Kazakstan Table of Contents
Economic and ethnic differentiation in Kazakstan has led to the appearance of more than 2,000 social organizations, movements, political parties, and social action funds across a broad political spectrum. Although Nazarbayev prevented electoral participation by many opposition parties, the formation and reformation of parties and coalitions have occurred at a rapid pace in the postindependence years. In the parliamentary election of December 1995, thirty parties and other organizations registered candidates.

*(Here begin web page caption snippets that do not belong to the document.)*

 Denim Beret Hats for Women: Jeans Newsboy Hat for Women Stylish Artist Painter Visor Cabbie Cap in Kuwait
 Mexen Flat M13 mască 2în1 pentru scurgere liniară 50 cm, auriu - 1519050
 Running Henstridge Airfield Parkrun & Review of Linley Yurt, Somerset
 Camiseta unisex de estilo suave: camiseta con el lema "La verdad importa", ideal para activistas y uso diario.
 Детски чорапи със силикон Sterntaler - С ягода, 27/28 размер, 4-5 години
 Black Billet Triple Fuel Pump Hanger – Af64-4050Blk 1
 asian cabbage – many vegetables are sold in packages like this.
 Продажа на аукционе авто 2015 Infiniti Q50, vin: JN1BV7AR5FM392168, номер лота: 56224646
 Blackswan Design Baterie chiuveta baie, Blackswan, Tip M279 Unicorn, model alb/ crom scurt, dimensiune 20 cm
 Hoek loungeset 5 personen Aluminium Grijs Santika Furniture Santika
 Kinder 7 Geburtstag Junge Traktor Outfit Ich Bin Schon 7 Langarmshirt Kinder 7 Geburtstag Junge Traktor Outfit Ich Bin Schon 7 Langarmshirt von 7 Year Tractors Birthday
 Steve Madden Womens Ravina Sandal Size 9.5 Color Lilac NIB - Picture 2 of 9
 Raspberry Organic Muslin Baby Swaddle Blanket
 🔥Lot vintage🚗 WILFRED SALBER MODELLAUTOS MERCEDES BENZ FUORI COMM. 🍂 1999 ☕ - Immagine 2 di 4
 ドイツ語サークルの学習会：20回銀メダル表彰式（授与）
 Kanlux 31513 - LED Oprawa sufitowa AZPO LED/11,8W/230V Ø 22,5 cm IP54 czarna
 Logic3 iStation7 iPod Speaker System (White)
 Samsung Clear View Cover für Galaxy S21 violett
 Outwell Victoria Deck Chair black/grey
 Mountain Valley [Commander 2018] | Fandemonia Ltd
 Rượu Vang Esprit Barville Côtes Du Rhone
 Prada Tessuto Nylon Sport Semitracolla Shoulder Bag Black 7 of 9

Significantly, the one type of party that has failed to thrive in Kazakstan is a "presidential party" that would serve as a training ground for future officials, as well as a conduit for their advancement. Nazarbayev lost control of his first two attempts at forming parties, the Socialists and the People's Congress Party (NKK). The latter particularly, under the leadership of former Nazarbayev ally Olzhas Suleymenov, became a center of parliamentary opposition. Nazarbayev's third party, the People's Unity Party (SNEK), remained loyal to the president, although it was unable, even with considerable government help, to elect enough deputies to give Nazarbayev control of the 1994-95 parliament. SNEK formally incorporated itself as a political party in February 1995.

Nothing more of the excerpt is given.